El criterio de estos jueces puede ser criticable o plausible —según el pensamiento de cada cual— más, de lo que no puede dudarse, es de que el criterio de estos jueces era absolutamente independiente.

El poder, molesto con estas decisiones, ha decidido tomar cartas en el asunto y, la principal que ha tomado, es la que mejor ilustra la forma en que los ejecutivos tratan de influir en el sentido de las decisiones de los jueces: ha decidido trasladar la competencia para tomar este tipo de decisiones de los juzgados a los Tribunales Superiores de Justicia.

¿Cómo afecta esto a las decisiones judiciales?

Trataré de explicarme.

Los jueces, guste o no, son elegidos a través de un proceso donde el criterio político no tiene influencia alguna. La forma de acceso a la carrera judicial es memorizar para luego exponer una serie de contenidos, de forma que es la calidad reproductora del aspirante la que determina si este accederá o no a la carrera.
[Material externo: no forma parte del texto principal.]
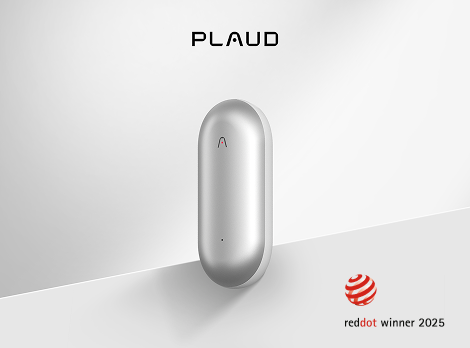 Silberner Plaud NotePin, ein tragbarer KI-Notiznehmer, ausgezeichnet als Red Dot Winner 2025.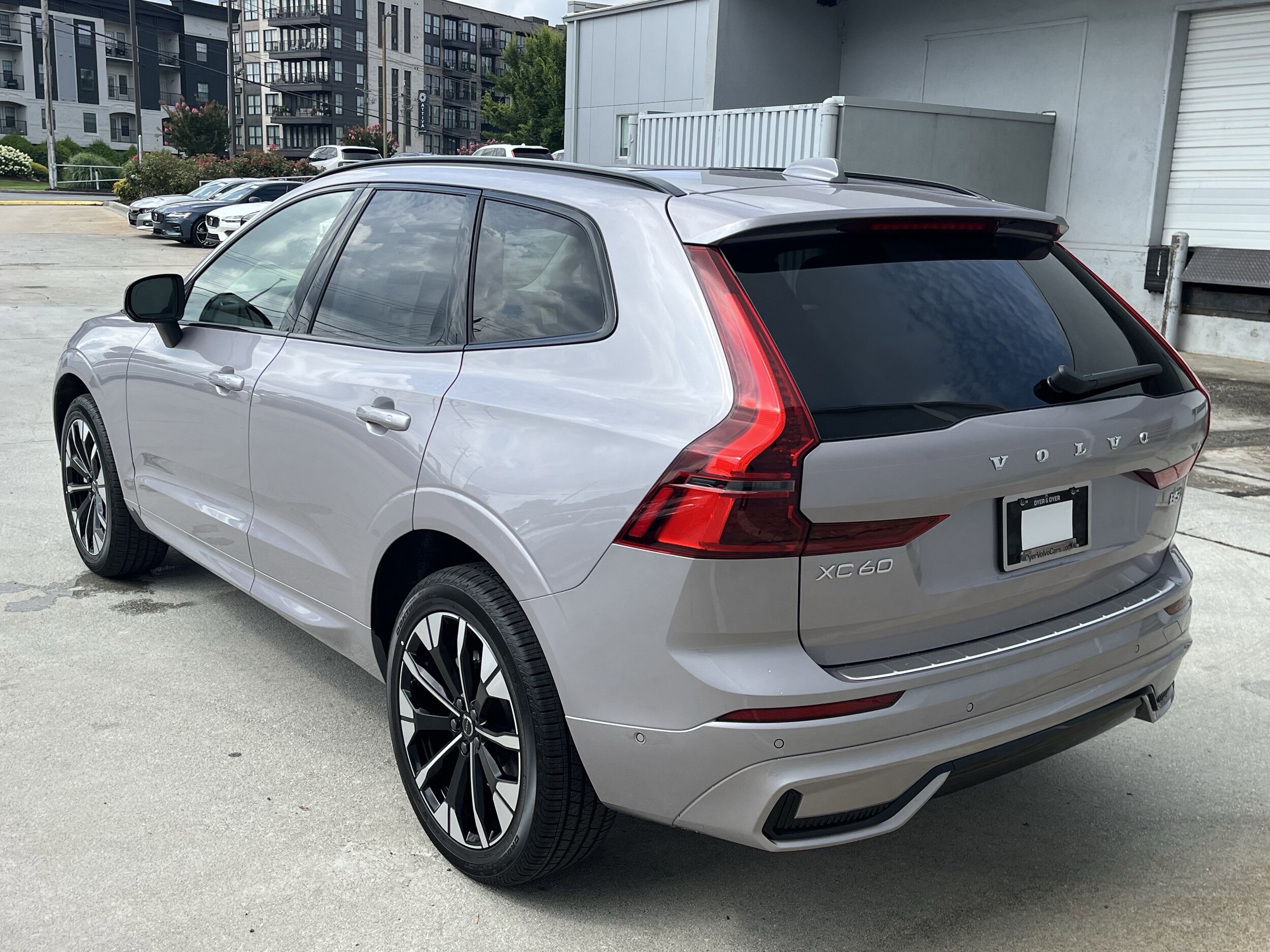 2026 Volvo XC60 Plus photo 4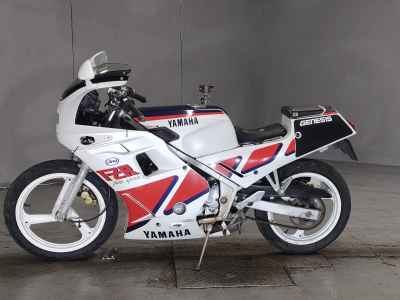 Yamaha FZR250 1987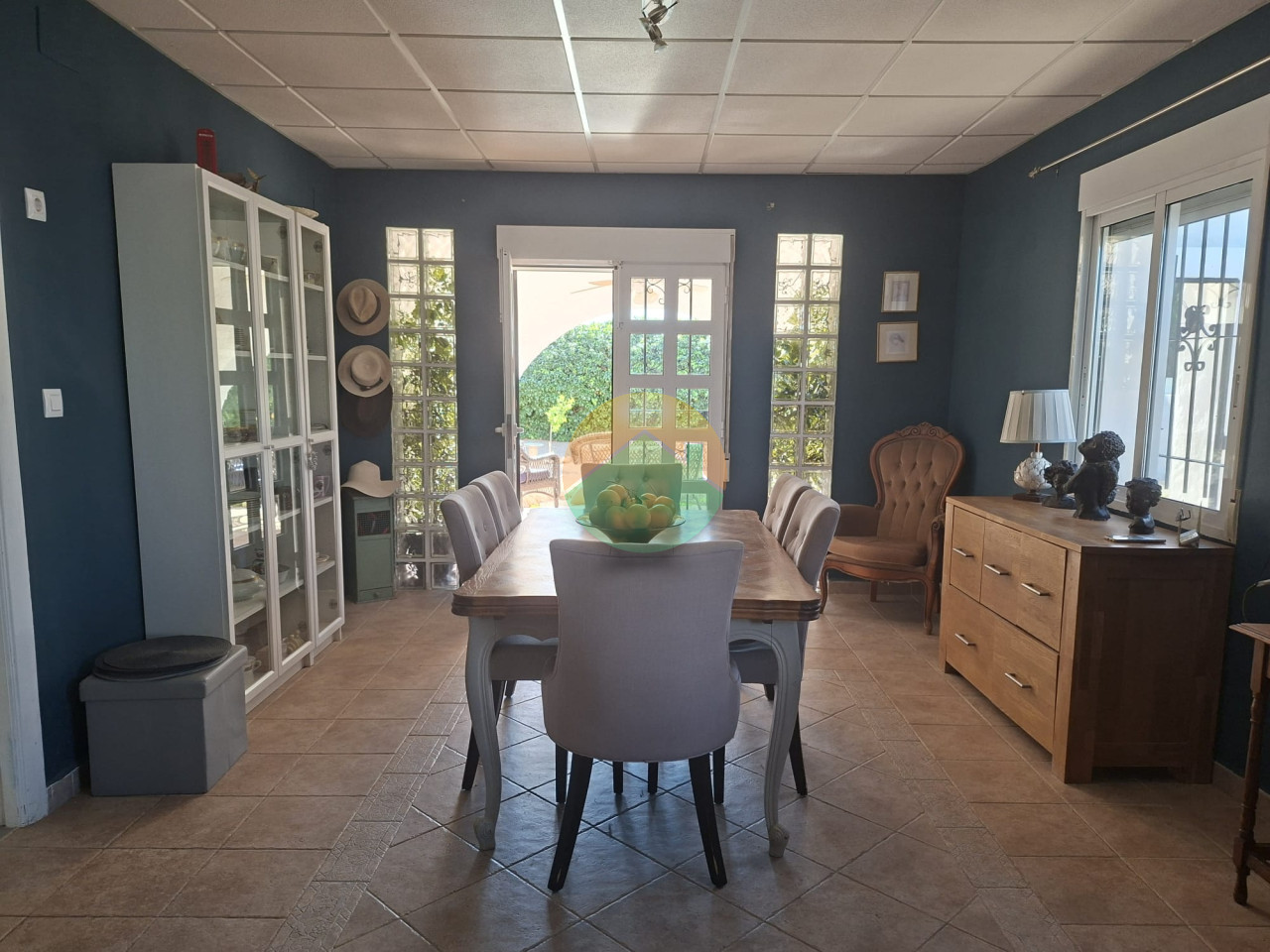 5 Bedroom Country house For Sale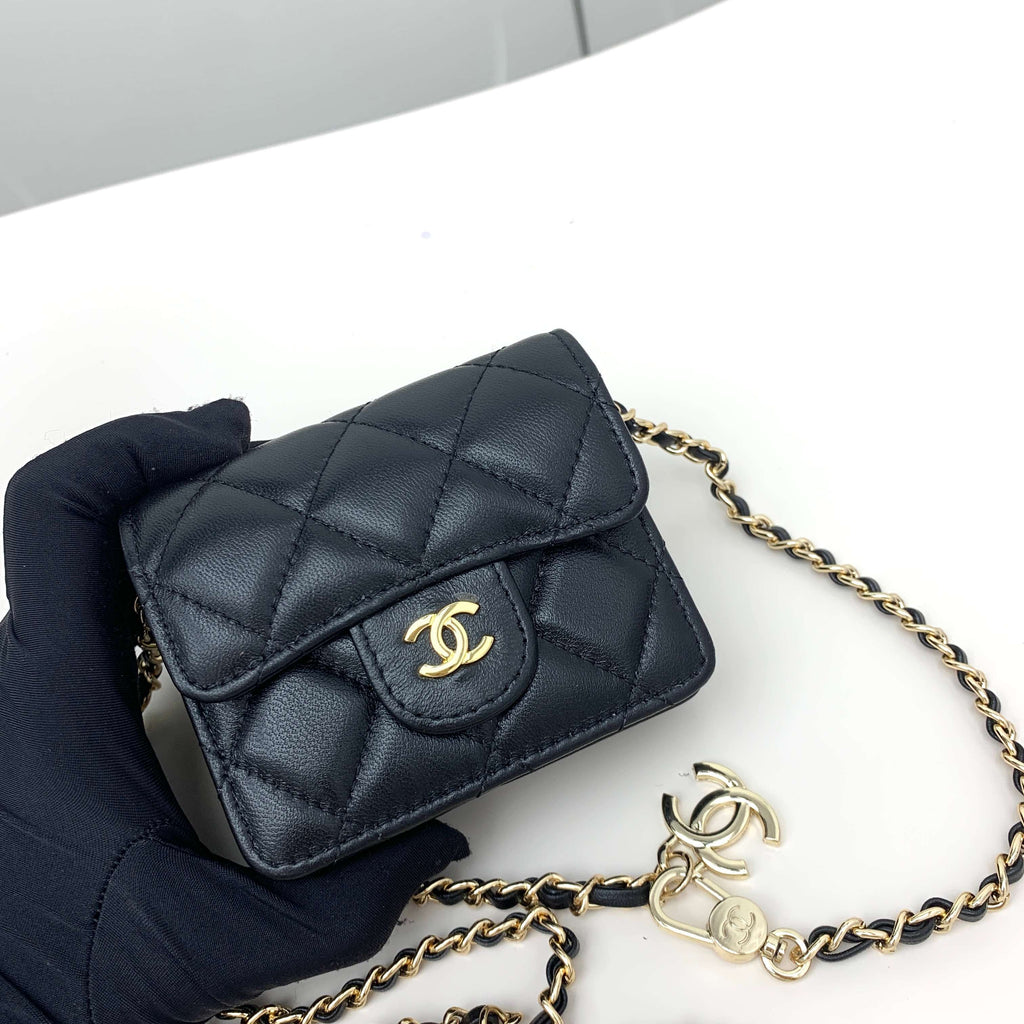 Chanel Boy – Noir & Or Vieilli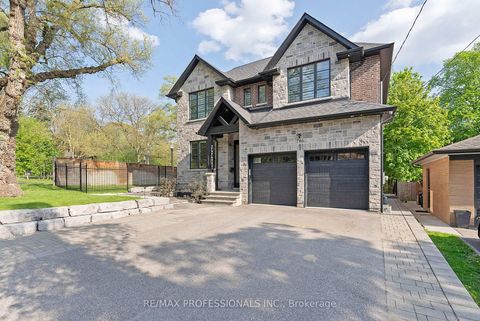 Photo 1 at 146 Thompson Avenue, Queensway, Toronto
Esta forma de acceso puede ser alabada, criticada, denostada e incluso satirizada, pero lo que nunca se podrá decir de ella es que está sesgada por ningún criterio político.

Por el contrario, la forma de selección de los presidentes de los Tribunales Superiores de Justicia (TSJ) no funciona igual: en su nombramiento es decisiva la intervención del Consejo General del Poder Judicial (CGPJ) un órgano que, como todos ustedes saben, se compone de miembros designados por los partidos polítivos tras intensas negociaciones pastelarias. Si quiere saber cuán importante es para los partidos la identidad de quienes componen este órgano tan solo piense usted en cuán intensas son las negociaciones para nombrarlos y esto le aclarará, mejor que ninguna palabra mía, lo importante que es para los partidos contar con personalidades afines en este órgano.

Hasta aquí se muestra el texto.